In [1]:
import pandas as pd
import numpy as np
from sklearn.model_selection import KFold
from sklearn.preprocessing import MinMaxScaler
import torch
import torch.nn as nn
from torch.utils.data import DataLoader, TensorDataset
from sklearn.metrics import mean_absolute_error, mean_squared_error
import random

# 设置随机种子
def set_seed(seed=42):
    random.seed(seed)
    np.random.seed(seed)
    torch.manual_seed(seed)
    torch.cuda.manual_seed(seed)
    torch.cuda.manual_seed_all(seed)
    torch.backends.cudnn.deterministic = True
    torch.backends.cudnn.benchmark = False

# 在代码的开头设置随机种子
set_seed(42)

# 读取数据
data = pd.read_csv('final_50_all.csv')

num_features = ['temperature_2m (°C)', 'apparent_temperature (°C)', 'rain (mm)', 'wind_speed_100m (km/h)']

# 特征工程
data['hour'] = pd.to_datetime(data['hour'])
data['year'] = data['hour'].dt.year
data['month'] = data['hour'].dt.month
data['day'] = data['hour'].dt.day
data['hour_of_day'] = data['hour'].dt.hour
data['weekday'] = data['hour'].dt.weekday

data['hour_sin'] = np.sin(2 * np.pi * data['hour_of_day'] / 24)
data['hour_cos'] = np.cos(2 * np.pi * data['hour_of_day'] / 24)
data['weekday_sin'] = np.sin(2 * np.pi * data['weekday'] / 7)
data['weekday_cos'] = np.cos(2 * np.pi * data['weekday'] / 7)
data['month_sin'] = np.sin(2 * np.pi * data['month'] / 12)
data['month_cos'] = np.cos(2 * np.pi * data['month'] / 12)

# 数值特征缩放
scaler = MinMaxScaler()
data[num_features] = scaler.fit_transform(data[num_features])

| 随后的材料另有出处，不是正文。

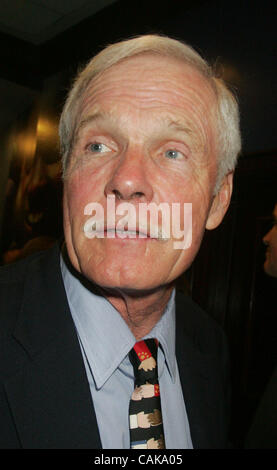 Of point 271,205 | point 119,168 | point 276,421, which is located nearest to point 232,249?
point 271,205

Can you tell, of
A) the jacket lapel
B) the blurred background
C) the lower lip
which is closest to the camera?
the jacket lapel

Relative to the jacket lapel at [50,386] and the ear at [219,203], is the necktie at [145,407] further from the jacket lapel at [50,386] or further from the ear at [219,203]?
the ear at [219,203]

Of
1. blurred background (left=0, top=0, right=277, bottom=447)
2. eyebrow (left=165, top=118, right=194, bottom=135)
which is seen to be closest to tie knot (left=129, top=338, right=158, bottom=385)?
eyebrow (left=165, top=118, right=194, bottom=135)

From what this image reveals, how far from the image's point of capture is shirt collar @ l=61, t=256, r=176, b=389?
2.60ft

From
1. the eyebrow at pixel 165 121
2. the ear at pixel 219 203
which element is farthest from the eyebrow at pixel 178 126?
the ear at pixel 219 203

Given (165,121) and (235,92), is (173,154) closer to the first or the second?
(165,121)

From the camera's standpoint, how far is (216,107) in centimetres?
97

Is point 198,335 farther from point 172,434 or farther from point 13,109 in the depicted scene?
point 13,109

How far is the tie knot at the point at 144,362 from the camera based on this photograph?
0.81m

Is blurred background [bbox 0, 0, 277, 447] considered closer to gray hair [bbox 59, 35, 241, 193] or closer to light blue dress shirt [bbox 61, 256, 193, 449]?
gray hair [bbox 59, 35, 241, 193]

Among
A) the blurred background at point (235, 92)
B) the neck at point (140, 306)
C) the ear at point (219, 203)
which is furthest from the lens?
the blurred background at point (235, 92)

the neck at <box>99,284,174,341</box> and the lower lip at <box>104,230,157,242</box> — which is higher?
the lower lip at <box>104,230,157,242</box>

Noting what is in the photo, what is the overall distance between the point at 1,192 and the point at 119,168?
3.70 m

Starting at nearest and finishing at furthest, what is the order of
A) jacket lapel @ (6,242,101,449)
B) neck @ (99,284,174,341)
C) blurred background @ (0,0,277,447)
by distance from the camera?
jacket lapel @ (6,242,101,449) < neck @ (99,284,174,341) < blurred background @ (0,0,277,447) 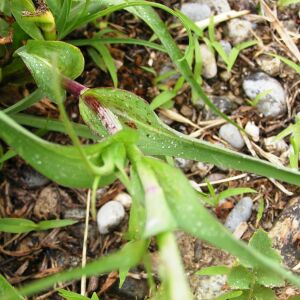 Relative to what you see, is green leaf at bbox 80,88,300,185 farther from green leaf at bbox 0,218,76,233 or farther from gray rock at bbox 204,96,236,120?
gray rock at bbox 204,96,236,120

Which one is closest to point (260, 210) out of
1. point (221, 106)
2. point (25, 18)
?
point (221, 106)

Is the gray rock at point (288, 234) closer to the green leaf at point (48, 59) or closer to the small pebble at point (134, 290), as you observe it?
the small pebble at point (134, 290)

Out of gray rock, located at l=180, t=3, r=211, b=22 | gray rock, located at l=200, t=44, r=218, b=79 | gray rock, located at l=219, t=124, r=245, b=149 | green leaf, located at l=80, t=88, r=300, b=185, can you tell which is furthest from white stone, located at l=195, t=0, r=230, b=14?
green leaf, located at l=80, t=88, r=300, b=185

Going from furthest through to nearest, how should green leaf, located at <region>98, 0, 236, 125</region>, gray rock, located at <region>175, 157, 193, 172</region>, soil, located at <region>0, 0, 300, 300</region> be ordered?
gray rock, located at <region>175, 157, 193, 172</region> → soil, located at <region>0, 0, 300, 300</region> → green leaf, located at <region>98, 0, 236, 125</region>

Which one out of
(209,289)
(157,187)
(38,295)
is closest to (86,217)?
(38,295)

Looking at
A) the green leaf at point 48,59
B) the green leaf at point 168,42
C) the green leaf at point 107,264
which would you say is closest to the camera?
the green leaf at point 107,264

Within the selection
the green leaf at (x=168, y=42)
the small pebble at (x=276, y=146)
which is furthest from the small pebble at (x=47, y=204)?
the small pebble at (x=276, y=146)

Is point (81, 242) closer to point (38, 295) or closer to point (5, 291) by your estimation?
point (38, 295) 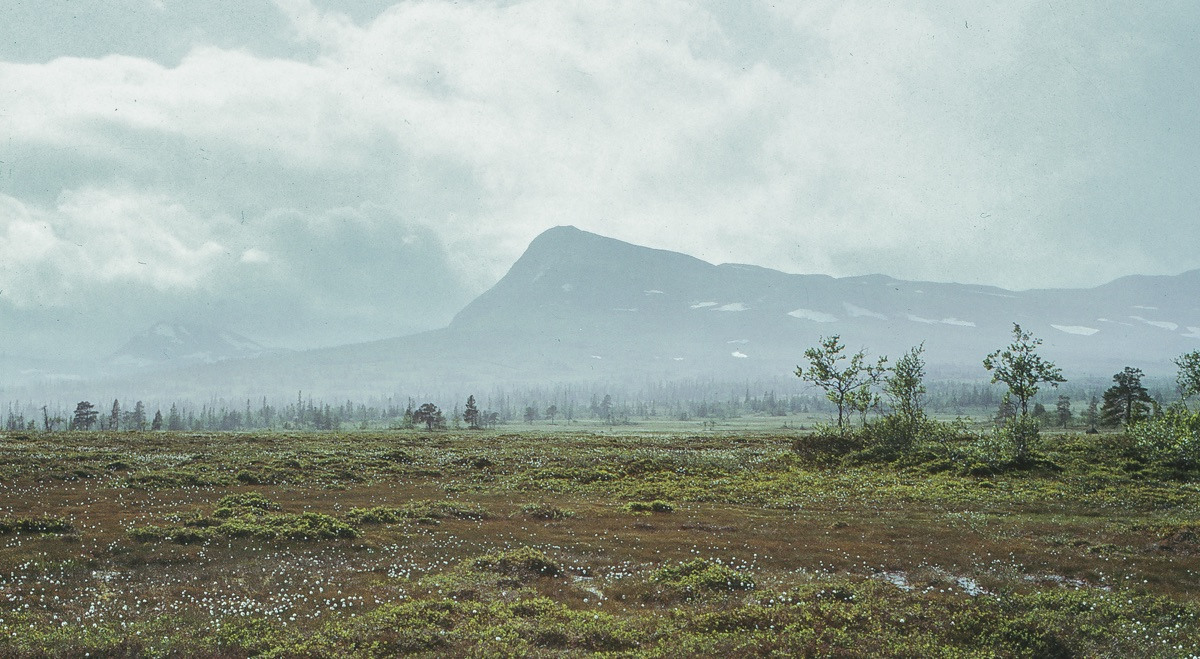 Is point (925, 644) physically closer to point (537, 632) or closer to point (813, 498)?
point (537, 632)

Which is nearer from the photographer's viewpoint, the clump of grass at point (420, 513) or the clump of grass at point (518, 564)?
the clump of grass at point (518, 564)

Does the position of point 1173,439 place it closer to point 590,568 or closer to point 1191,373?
point 1191,373

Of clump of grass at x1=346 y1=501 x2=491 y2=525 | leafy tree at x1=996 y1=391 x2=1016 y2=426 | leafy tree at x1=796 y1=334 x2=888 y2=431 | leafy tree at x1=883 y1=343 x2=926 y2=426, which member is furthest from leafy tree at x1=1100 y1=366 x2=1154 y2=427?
clump of grass at x1=346 y1=501 x2=491 y2=525

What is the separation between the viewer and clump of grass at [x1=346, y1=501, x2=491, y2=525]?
110 feet

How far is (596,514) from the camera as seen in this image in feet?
124

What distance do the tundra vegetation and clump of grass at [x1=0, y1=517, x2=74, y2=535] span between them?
14 centimetres

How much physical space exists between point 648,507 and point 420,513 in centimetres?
1330

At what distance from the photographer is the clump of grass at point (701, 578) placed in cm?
2173

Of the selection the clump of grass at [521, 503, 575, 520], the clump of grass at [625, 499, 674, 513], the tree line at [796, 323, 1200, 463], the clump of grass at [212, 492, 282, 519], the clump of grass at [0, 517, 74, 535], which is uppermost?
the tree line at [796, 323, 1200, 463]

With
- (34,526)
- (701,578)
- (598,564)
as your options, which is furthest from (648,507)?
(34,526)

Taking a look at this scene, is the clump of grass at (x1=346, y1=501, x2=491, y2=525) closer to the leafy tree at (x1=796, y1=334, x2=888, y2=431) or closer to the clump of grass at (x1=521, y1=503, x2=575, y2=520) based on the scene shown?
the clump of grass at (x1=521, y1=503, x2=575, y2=520)

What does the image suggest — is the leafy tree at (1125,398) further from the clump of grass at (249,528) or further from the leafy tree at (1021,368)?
the clump of grass at (249,528)

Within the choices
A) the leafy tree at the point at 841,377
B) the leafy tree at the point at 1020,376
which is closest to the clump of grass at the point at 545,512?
the leafy tree at the point at 1020,376

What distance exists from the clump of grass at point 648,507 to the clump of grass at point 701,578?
14.8 m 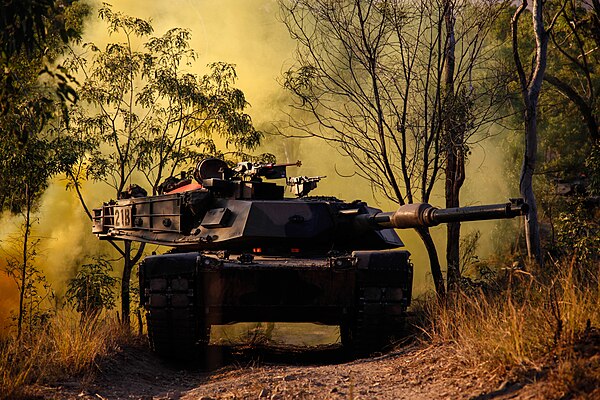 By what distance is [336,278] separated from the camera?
1123 centimetres

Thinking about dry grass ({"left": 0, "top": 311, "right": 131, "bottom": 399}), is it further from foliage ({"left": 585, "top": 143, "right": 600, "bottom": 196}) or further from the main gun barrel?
foliage ({"left": 585, "top": 143, "right": 600, "bottom": 196})

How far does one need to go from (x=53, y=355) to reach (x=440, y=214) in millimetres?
4851

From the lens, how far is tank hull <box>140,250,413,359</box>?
11.1m

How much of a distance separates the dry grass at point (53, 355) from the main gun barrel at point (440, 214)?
13.4ft

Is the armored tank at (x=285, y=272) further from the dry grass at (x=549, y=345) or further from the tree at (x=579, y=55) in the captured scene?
the tree at (x=579, y=55)

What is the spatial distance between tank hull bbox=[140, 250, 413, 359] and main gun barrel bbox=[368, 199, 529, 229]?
0.51 metres

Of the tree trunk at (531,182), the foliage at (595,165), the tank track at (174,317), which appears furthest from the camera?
the foliage at (595,165)

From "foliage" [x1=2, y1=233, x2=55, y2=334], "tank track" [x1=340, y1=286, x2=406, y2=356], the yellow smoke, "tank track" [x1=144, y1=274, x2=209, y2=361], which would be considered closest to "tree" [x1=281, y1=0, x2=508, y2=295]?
"tank track" [x1=340, y1=286, x2=406, y2=356]

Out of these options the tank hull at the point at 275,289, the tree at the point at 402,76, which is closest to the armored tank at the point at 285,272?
the tank hull at the point at 275,289

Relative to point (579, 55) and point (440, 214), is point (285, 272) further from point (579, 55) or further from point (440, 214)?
point (579, 55)

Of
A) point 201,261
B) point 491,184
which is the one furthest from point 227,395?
point 491,184

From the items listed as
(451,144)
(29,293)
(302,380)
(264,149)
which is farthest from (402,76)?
(264,149)

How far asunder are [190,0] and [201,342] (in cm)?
4025

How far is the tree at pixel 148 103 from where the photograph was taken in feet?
63.6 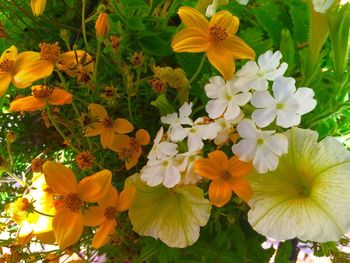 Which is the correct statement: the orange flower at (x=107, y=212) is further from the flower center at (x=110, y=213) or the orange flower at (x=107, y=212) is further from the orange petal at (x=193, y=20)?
the orange petal at (x=193, y=20)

data.drop(['month','day','hour', 'hour_of_day', 'weekday'], axis=1, inplace=True)

# 提取最终特征和目标
features = num_features + ['hour_sin', 'hour_cos', 'weekday_sin', 'weekday_cos','month_sin','month_cos'] 
target = 'ride_count'

X = data[features].values
y = data[target].values

def create_sequences(data, target, sequence_length):
    X, y = [], []
    for i in range(len(data) - sequence_length):
        X.append(data[i:i + sequence_length])
        y.append(target[i + sequence_length])
    return np.array(X), np.array(y)

# 设置序列长度
sequence_length = 48  # 例如使用过去24小时的数据预测
X, y = create_sequences(X, y, sequence_length)

# K折交叉验证（5折）
kf = KFold(n_splits=5, shuffle=True, random_state=42)
fold = 0

train_losses = []
val_losses = []
maes = []
rmses = []

for train_index, val_index in kf.split(X):
    fold += 1
    print(f"Fold {fold}/{5}")
    
    # 划分训练集和验证集
    X_train, X_val = X[train_index], X[val_index]
    y_train, y_val = y[train_index], y[val_index]

    # 转换为张量
    X_train_tensor = torch.tensor(X_train, dtype=torch.float32)
    y_train_tensor = torch.tensor(y_train, dtype=torch.float32)
    X_val_tensor = torch.tensor(X_val, dtype=torch.float32)
    y_val_tensor = torch.tensor(y_val, dtype=torch.float32)

    # 数据加载器
    train_loader = DataLoader(TensorDataset(X_train_tensor, y_train_tensor), batch_size=32, shuffle=True)
    val_loader = DataLoader(TensorDataset(X_val_tensor, y_val_tensor), batch_size=32)
    
    # 定义GRU模型
    class GRUModel(nn.Module):
        def __init__(self, input_size, hidden_size, output_size, dropout, cnn_channels, kernel_size):
            super(GRUModel, self).__init__()
            # 添加 CNN 层
            self.conv1d = nn.Conv1d(in_channels=input_size, out_channels=cnn_channels, kernel_size=kernel_size, padding=kernel_size // 2)
            self.relu = nn.ReLU()

            # GRU 层
            self.gru = nn.GRU(cnn_channels, hidden_size, batch_first=True)
            
            # 全连接层
            self.fc = nn.Linear(hidden_size, output_size)
            self.dropout = nn.Dropout(dropout)
        
        def forward(self, x):
            # CNN 层
            x = x.permute(0, 2, 1)  # 为 Conv1d 调整形状
            x = self.conv1d(x)  # 通过 1D 卷积层
            x = self.relu(x)    # 激活函数
            x = x.permute(0, 2, 1)  # 调整形状回 [batch_size, seq_length, cnn_channels]

            # GRU 层
            out, _ = self.gru(x)  # [batch_size, seq_length, hidden_size]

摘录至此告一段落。